Using our definition of matrix equality (Definition ME) we can translate this statement into six equations in the five unknowns,

\begin{align*} 3\alpha_1 +\alpha_2 +3\alpha_3 +4\alpha_4 +3\alpha_5& =2\\ \alpha_1 +\alpha_2 -\alpha_3 +2\alpha_4 +\alpha_5& =1\\ 4\alpha_1 +2\alpha_2 -\alpha_3 +\alpha_4 -4\alpha_5& =3\\ 2\alpha_1 -\alpha_2 +2\alpha_3 -2\alpha_4 & =1\\ 5\alpha_1 +14\alpha_2 -19\alpha_3 +14\alpha_4 -17\alpha_5& =4\\ -5\alpha_1 -\alpha_2 -11\alpha_3 -2\alpha_4 +7\alpha_5&=-2\text{.} \end{align*}

This is a linear system of equations, which we can represent with an augmented matrix and row-reduce in search of solutions. The matrix that is row-equivalent to the augmented matrix is

\begin{equation*} \begin{bmatrix} \leading{1} & 0 & 0 & 0 & \frac{5}{8} & 0\\ 0 & \leading{1} & 0 & 0 & -\frac{38}{8} & 0\\ 0 & 0 & \leading{1} & 0 & -\frac{7}{8} & 0\\ 0 & 0 & 0 & \leading{1} & -\frac{17}{8} & 0\\ 0 & 0 & 0 & 0 & 0 & \leading{1}\\ 0 & 0 & 0 & 0 & 0 & 0\ \end{bmatrix}\text{.} \end{equation*}

Since the last column is a pivot column, Theorem RCLS tells us that the system is inconsistent. Therefore, there are no values for the scalars that will place \(\vect{x}\) in \(W\text{,}\) and so we conclude that \(\vect{x}\not\in W\text{.}\)
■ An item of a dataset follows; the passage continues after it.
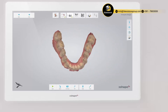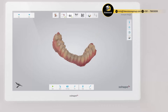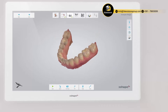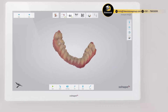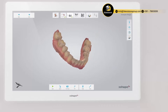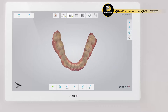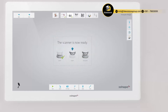Inspect the result by rotating the scan. If an important area is missing, simply start scanning the area again. When scanning is complete, you can inspect the result and prepare the scan by trimming unnecessary parts.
Notice how Example SSP and Example SM32 contained questions about membership in a span, but these questions quickly became questions about solutions to a system of linear equations. This will be a common theme going forward.

Subsection SC Subspace Constructions

Several of the subsets of vectors spaces that we worked with in Chapter M are also subspaces — they are closed under vector addition and scalar multiplication in \(\complex{m}\text{.}\)

Theorem CSMS. Column Space of a Matrix is a Subspace.

Suppose that \(A\) is an \(m\times n\) matrix. Then \(\csp{A}\) is a subspace of \(\complex{m}\text{.}\)

Proof.

Definition CSM shows us that \(\csp{A}\) is a subset of \(\complex{m}\text{,}\) and that it is defined as the span of a set of vectors from \(\complex{m}\) (the columns of the matrix). Since \(\csp{A}\) is a span, Theorem SSS says it is a subspace.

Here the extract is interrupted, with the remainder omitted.